Now people start, question you. Are there gonna be more black people that moves to the neighborhood? Those things are reality of, being black as a black man that I have to deal with. But again, those are more in a 1 0 1 rare off. I don’t think they’re norm in Canada. But they still do happen. And that’s just a reality of being black in the world itself.
Tiffany Grant: Absolutely. And I’m so glad you brought up implicit bias because I just wanna plug the Harvard test that’s out there about implicit bias. So it’s free. Just search Harvard implicit bias and I. Have taken it [00:08:00] before a few times actually.
They have all types of demographics and stuff, so you can test for whatever, but I was surprised that even, black versus white, for instance, I was slightly biased towards the white side and me being like, So pro black, , it’s ridiculous. I was very shocked at my results.
So I highly recommend anybody listening to go ahead and take that test just so you can be aware of what your biases are. And on that website they have, gender bias. They have sexuality bias, all types of different biases. So it’s just a good tool to figure out like where you stand as an individual.
And like Brighton said, it’s not even your fault we just get fed all of this information via media, radio. Tv, all this stuff is just constantly being bombarded, and so it’s not, it’s programming, so I just wanted to bring that up. Now, if someone’s listening, okay. And let’s say they are a black person [00:09:00] and they’re like, Okay, so I know that I’m gonna have to, navigate this a little differently or what have you, what are some tips that they should keep in mind if they are looking at a mortgage or wanting to sell their house or they’re looking to refinance just what are some things that they should be aware of?
Brighton Gbarazia: I think the advice I would give anyone is really the advice I’d give regardless whether you’re black or non-black. I think it’s just, I always tell people, Finance or buy a mortgage or get a home, a principal resident in that matter.
I tend to view it more as a lifestyle purchase. And what I mean by that is you hear a lot of talks about people saying that, real estate is a great wealth creator, and it is. Or if you buy real estate, it always goes up in value and over the long term. Yeah, it typically does. I think though, when you buy a home as a principal resident, where you’re buying is really a lifestyle.
You’re buying into a place where you want to build roots. You love the community and you hope to maybe grow a family moving forward from there. When people [00:10:00] say that it’s an investment I tend to push back against that if it’s a principal resident, because remember, just think about it logically, right?

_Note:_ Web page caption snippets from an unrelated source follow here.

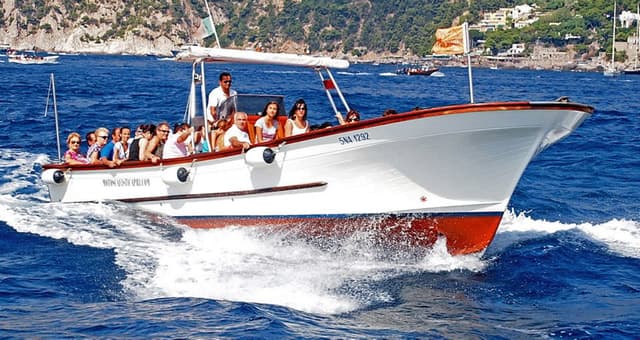 Capri: Island Boat Tour with Blue Grotto Stop
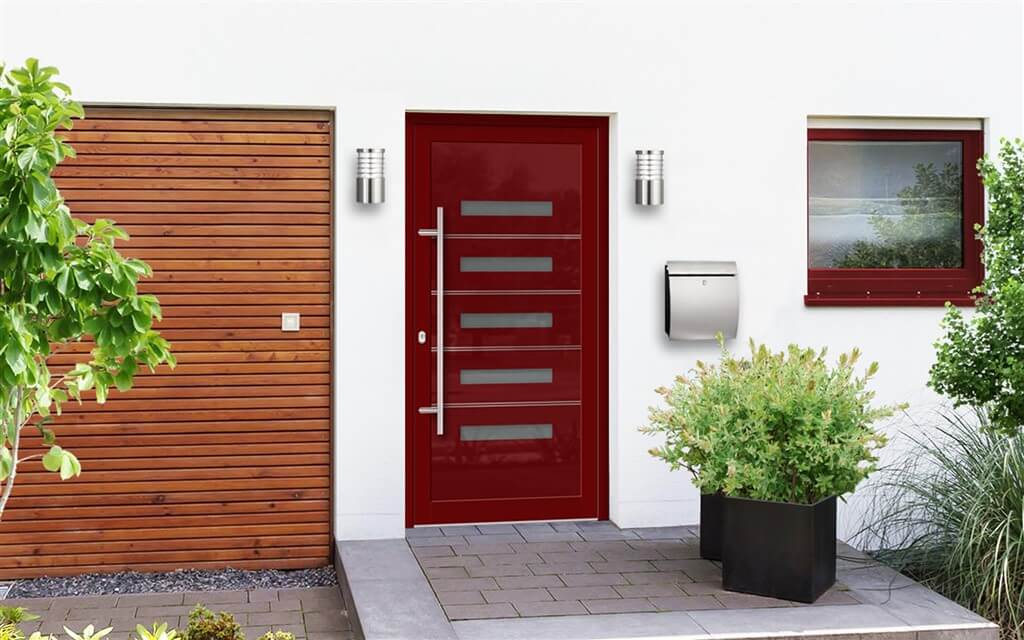 RAL 3004 aluminum door.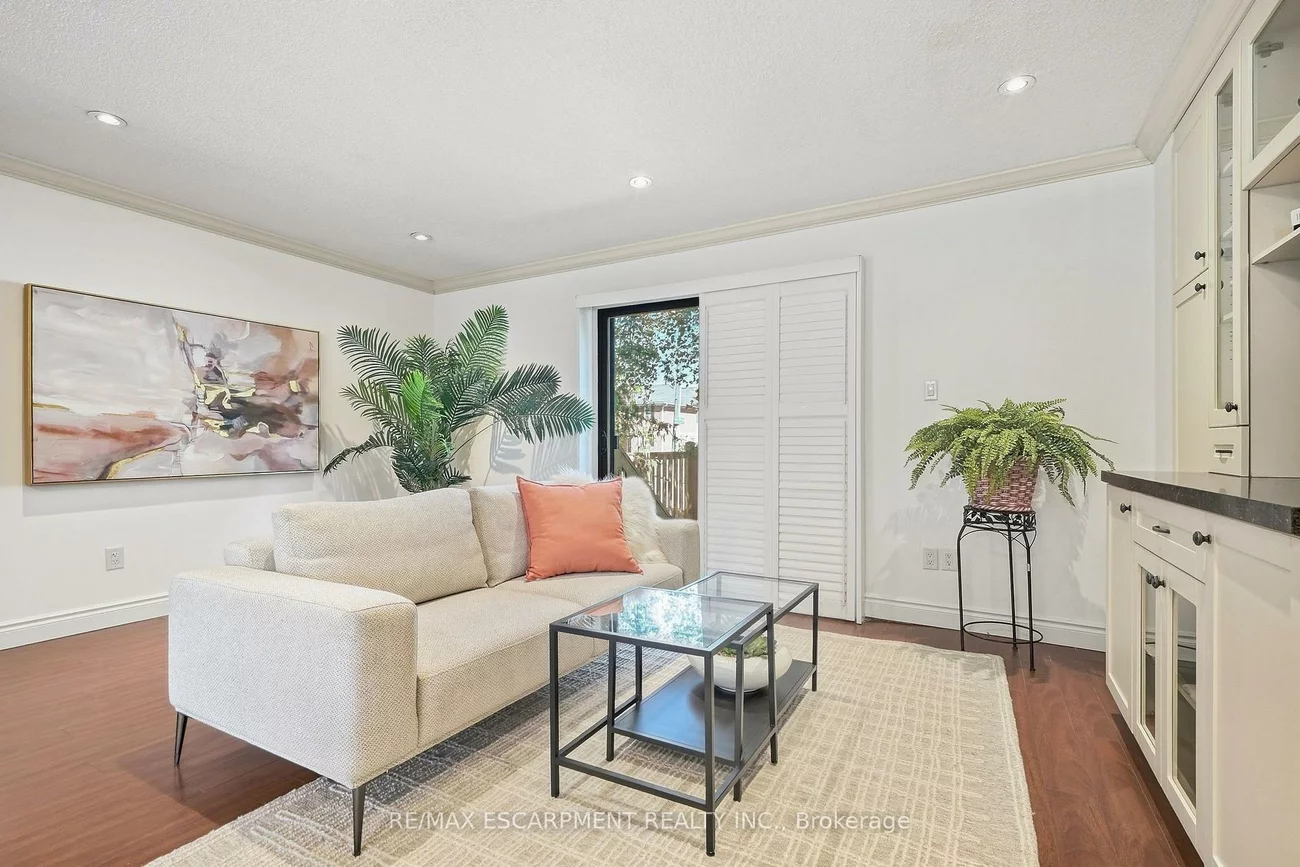 1518, Sixth, 1003 - CP College Park, Oakville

If you have something that’s an asset for you, right? It should pay you money, right? Like you have a business, you charge a certain fee, and people give you money in return for that, let’s go your cash flow if something is truly an asset to you, I tend to want it to have a cash flow stream attached to it. So if you think of your principal resident and you say, That’s an asset who’s paying the cash flow?

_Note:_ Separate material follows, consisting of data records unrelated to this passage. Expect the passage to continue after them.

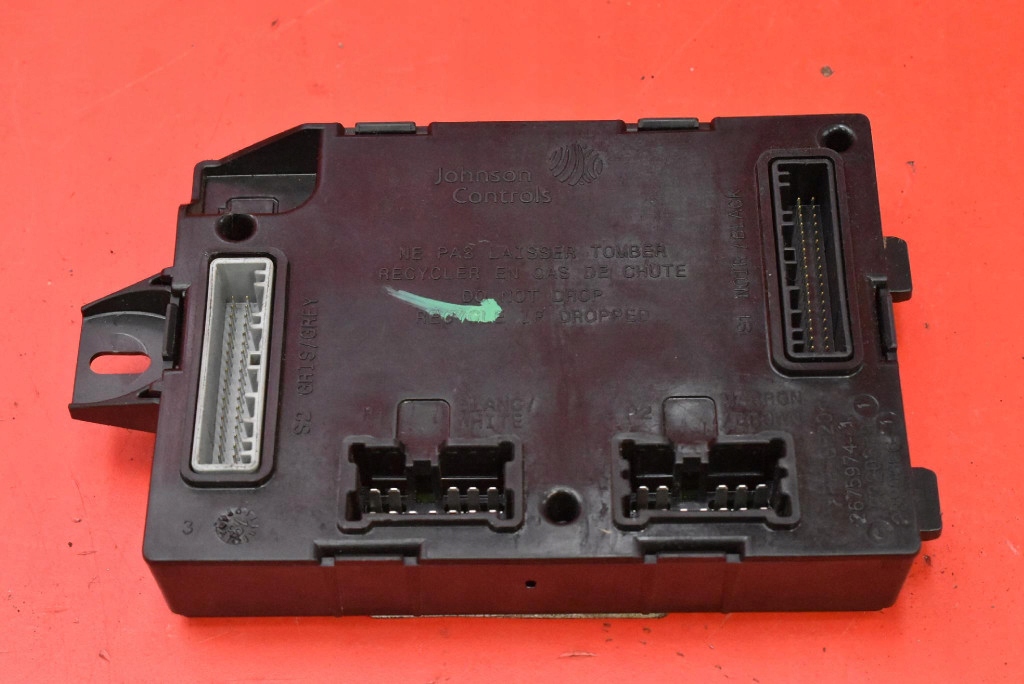 Unité commande confort BCM 2675974-1 RENAULT TRAFIC 3 III 1.6 DCI 95 KM 14-21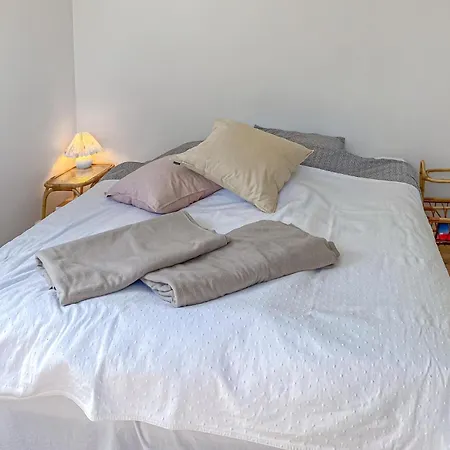 4 Bedroom Stunning In בית נופש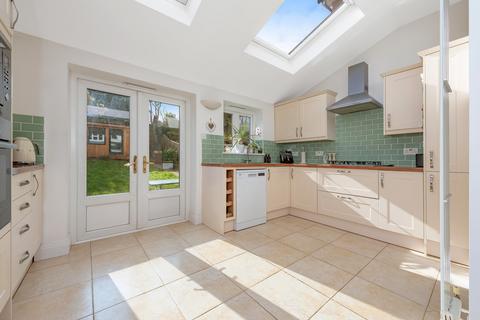 181 Chipstead Valley Road, Coulsdon, CR5 3BR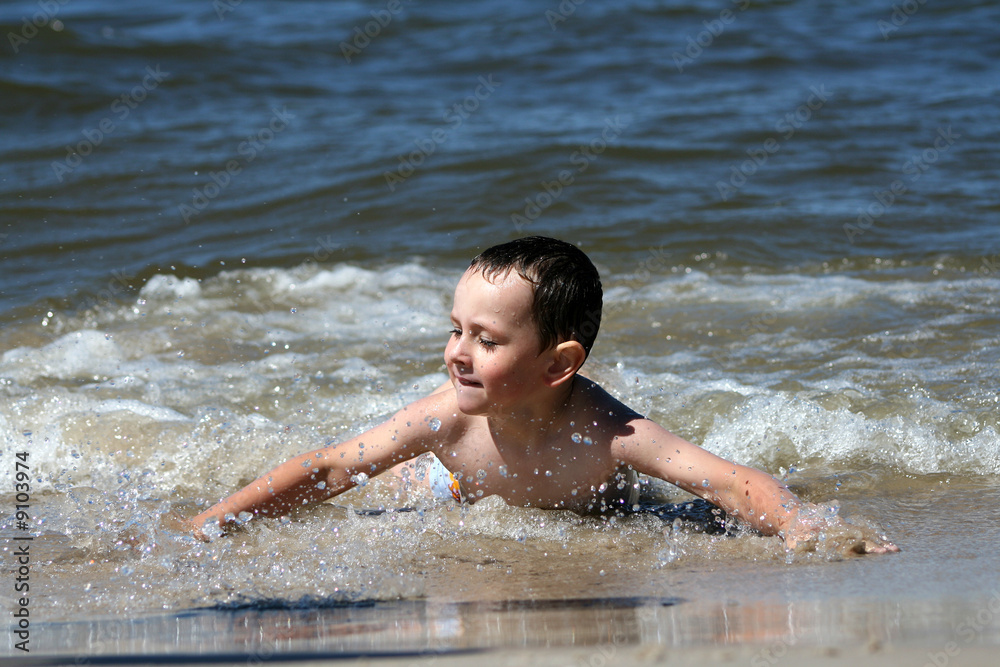 Obraz premium 4 years old boy playing in the sea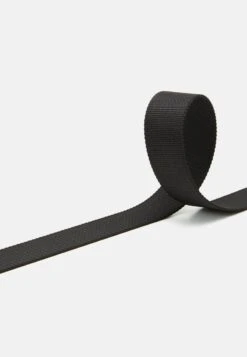 Pier One UNISEX 3 PACK - Gürtel - Black/dark Blue/grey 10 Pier One UNISEX 3 PACK - Gürtel - Black/dark Blue/grey -Modegeschäft für Herren 3f503aa15faf4a28af33bad9056a0b46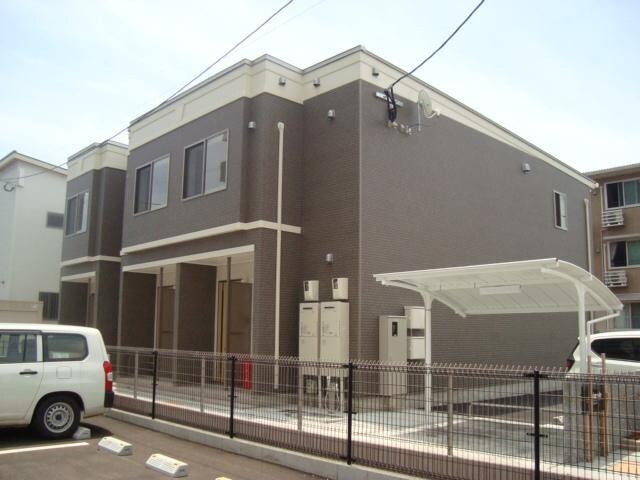 物件外観写真1　(外観写真（昼）)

That’s gonna be you paying the cash flow to the lender. That’s the whole point. You have to keep paying them. For you to be able to live in that home, you have to pay the utilities, the property taxes. If you have a condo, the strata fee or a homeowner association fees, all those things are cash for your paying out to someone else who takes that and then they can invest it elsewhere.
So for me, the biggest tip I try to tell anyone that’s buying a home is you need to define that it is a lifestyle purchase if it’s a principal. And why is that important? Because then you need to ask yourself, what kind of [00:11:00] lifestyle will this mortgage debt provide me? And once you frame that conversation in that manner, it’s so much more clear for you to understand that if you get a home that has everything, the swimming pool, blah, blah, blah, But the lifestyle that home can provide you means that literally you’re eating noodles every night it’s not worth it, right? You’re gonna think about a different home to go into that can afford you the things that make you happy. Maybe traveling, spend more time with your kids, being able to do the things and invest that you want to do, right? And that’s why I frame my clients especially, is trying to talk ’em down and understand like this is a lifestyle purchase.
It might end up being a good investment, but that’s not really what you’re doing. You’re buying a lifestyle purchase and you’re hoping that it doesn’t go down in value, a minimum, but it’s a lifestyle purchase. And that’s the biggest tip I would give people. Cuz if you can do that as a first time home buyer or a repeat buyer, you can start to understand the connection that, Oh,
I’m just looking for a home to raise my family, lay down roots. But really what I [00:12:00] want is to be able to live a certain lifestyle and I don’t want my home to be hindering that ability. And that’s really key for everyone. So that’s the big thing I would say for me to separate, because when you start this journey, if you’ve already gone on it, it’s highly emotional.
You’re just, you’re so emotional about everything and then you know, you, you end up forgetting that it’s just a lifestyle purchase and people keep telling you it’s an investment, and that means that you buy a bigger home, you take on more bigger mortgage debt, and then you wonder why you can’t go out with your friends or why you have no cut back in other areas.
Because yeah, you’ve literally been told that it’s an asset when really you are making a lifestyle purchase and you should have focused on what kind of lifestyle I want and buy a home that can afford you that lifestyle.
Tiffany Grant: Yes. Yes. I’m so glad you brought that up because honestly, like I live very simply, like very simple
Yeah. That’s where you should, right? With my house, when I bought my house few years ago, my real estate agent, she was like, You are the easiest person, . [00:13:00] Because it was literally, she was like, Oh, check this one. I came and looked and I was like, Okay, looks good. Let’s go . And I only bought it for one 10, so it was very affordable.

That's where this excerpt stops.